Because of a lack of information, Jank argues that long-available and efficient options, like sugarcane ethanol widely used as a motor fuel in Brazil for decades, often face outdated criticisms and questions that have been answered many times over. "Brazilian ethanol is recognized in numerous studies as a clean, renewable fuel that indeed cuts greenhouse gas emissions by as much as 90% compared to gasoline, and yet it is barely traded around the world because of numerous tariff and non-tariff barriers, while petroleum-based products face no obstacles," he added, pointing out that Brazil's ethanol project is a viable solution for more than 100 countries around the world that already grow sugarcane.
The 'virtual roundtable' organized by The Economist will examine both technological and political situations that can help achieve long-term energy goals. Jank hopes to be able to discuss not only sugarcane ethanol as a global energy option , but also the increasing use of bioelectricity, generated by sugarcane processing mills by burning bagasse - the fibrous residue that remains after sugarcane is crushed - in high-performance boilers.
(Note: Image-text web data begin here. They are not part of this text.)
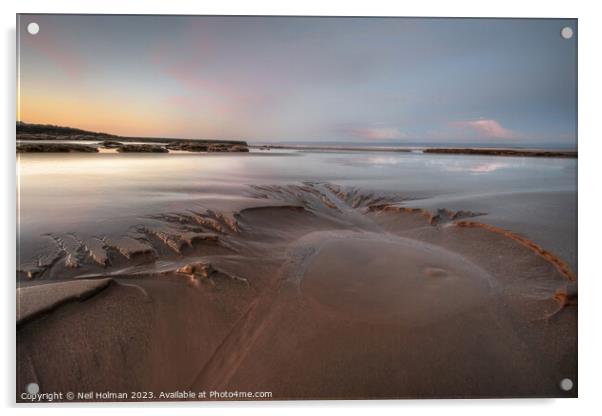 Sand Curve at Sunrise Acrylic by Neil Holman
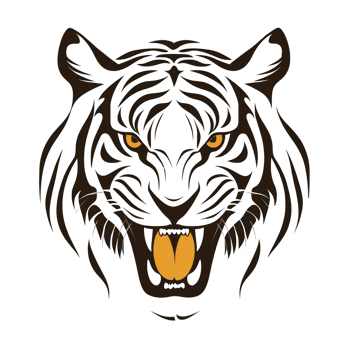 A fierce tiger face illustration with bold black lines and striking orange eyes and mouth, conveying strength and intensity. design is simple yet powerful, capturing essence of tiger gaze png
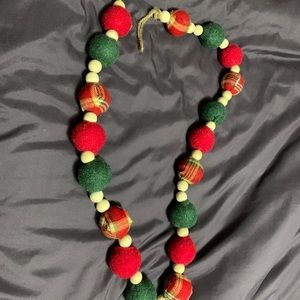 Red green and plaid Christmas garland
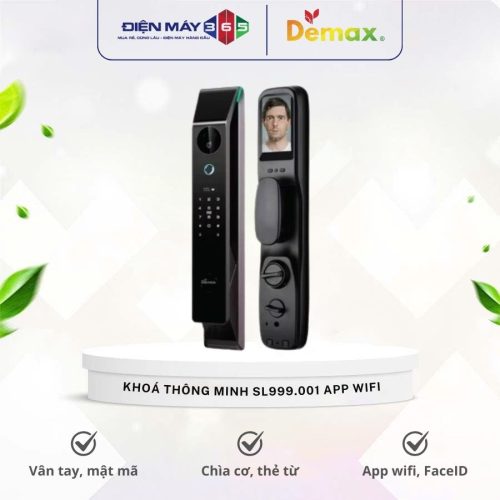 Khóa cửa điện tử nhận diện khuôn mặt Face ID - 3D Demax SL999.001 App Wifi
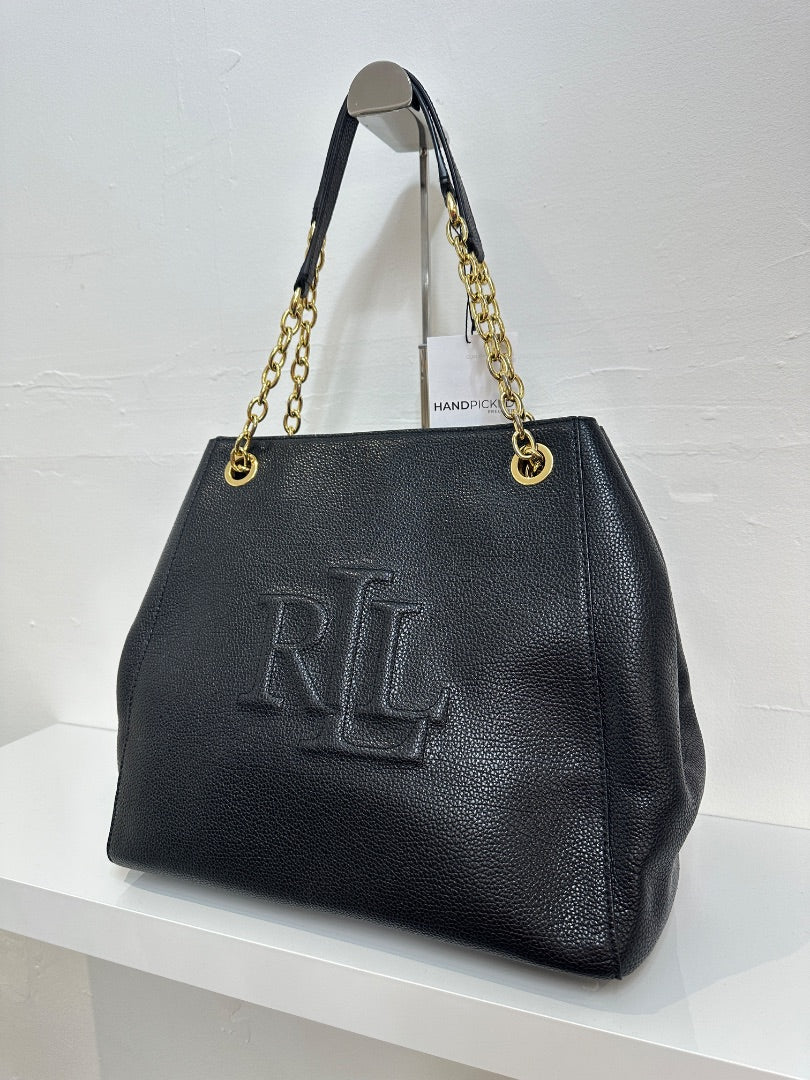 Lauren Ralph Lauren Black Embossed Logo Tote Bag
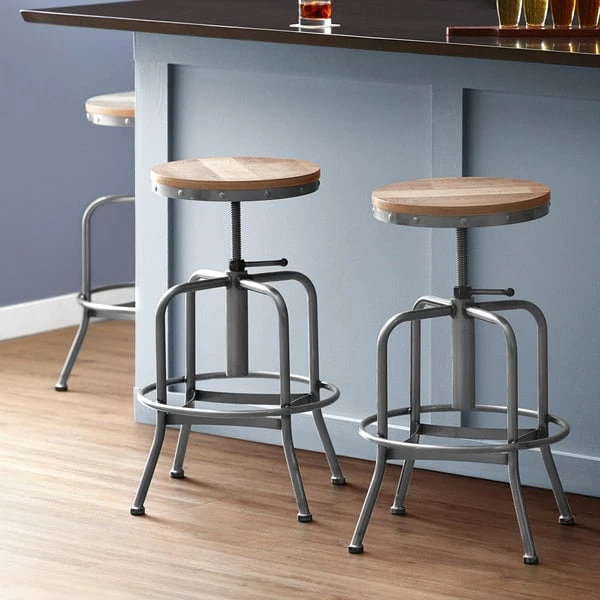 Buy 😉 Lancaster Table & Seating Screw Top Adjustable Height Clear 🧥 Coat Barstool With Driftwood Seat 🛒
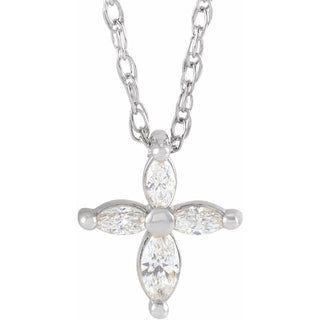 Platinum 1/6 CTW Natural Diamond Cross 16" Necklace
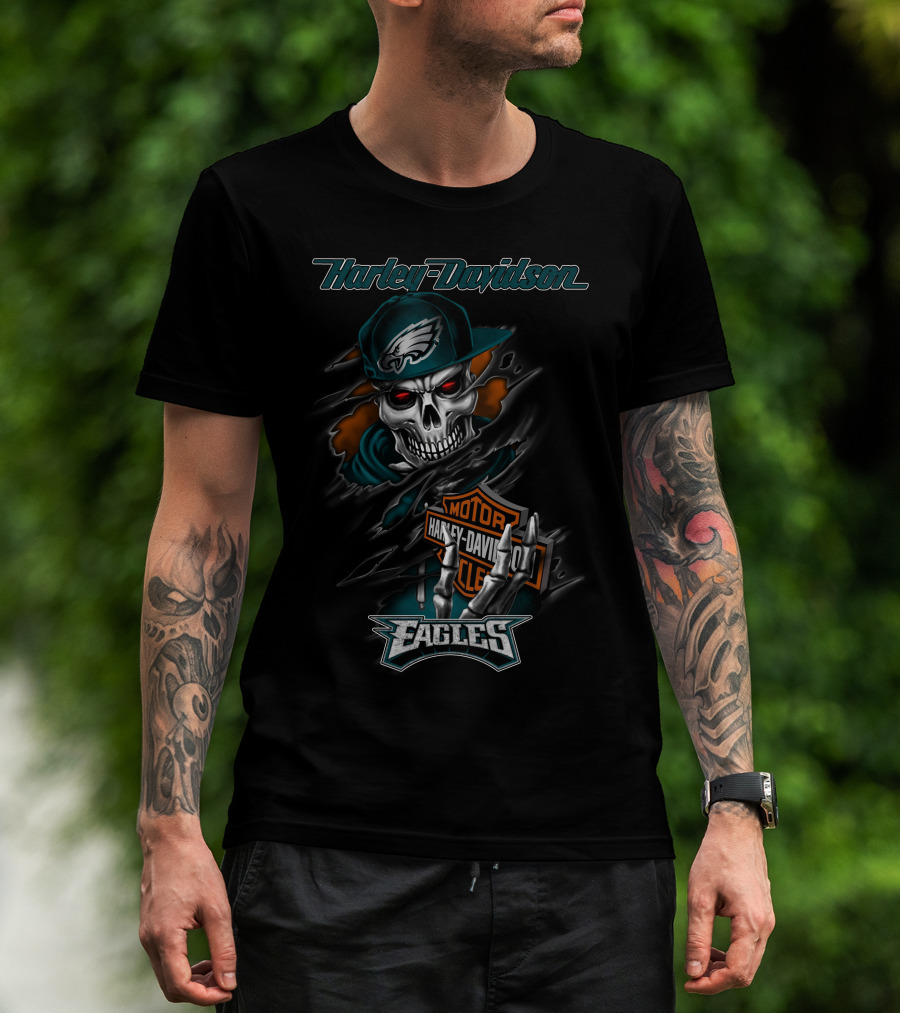 Harley Davidson Motorcycles Eagles Skull Vintage Theme T-Shirt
The procedure makes all cane processing facilities self-sufficient in electricity, while many are now producing a surplus for distribution through the national grid.
The event is the second in a series launched on June 28th, when more than 1,600 participants from 91 different countries signed on to join world energy experts in a live, interactive discussion on the future of energy.
Along with Marcos Jank, who will be positioned in Sao Paulo, speakers in Part II of the Energy Conversation include: Royal Dutch Shell Chief Energy Adviser Wim Thomas and World Energy Council Executive Chair of the 2011 Energy Policies Assessment Report, Joan MacNaughton, both participating from London; Pembina Institute Executive Director Ed Whittingham, Opower President Alex Laskey and Capital E President Gregory Kats, positioned in London; former Sao Paulo State Environment Secretary and University of Sao Paulo Professor Emeritus Jose Goldemberg, Inovah Energy Director Paulo Puterman and Brazilian National Oil, Natural Gas and Biofuels Agency Director, Allan Kardec Duailibe, who will take part from Sao Paulo.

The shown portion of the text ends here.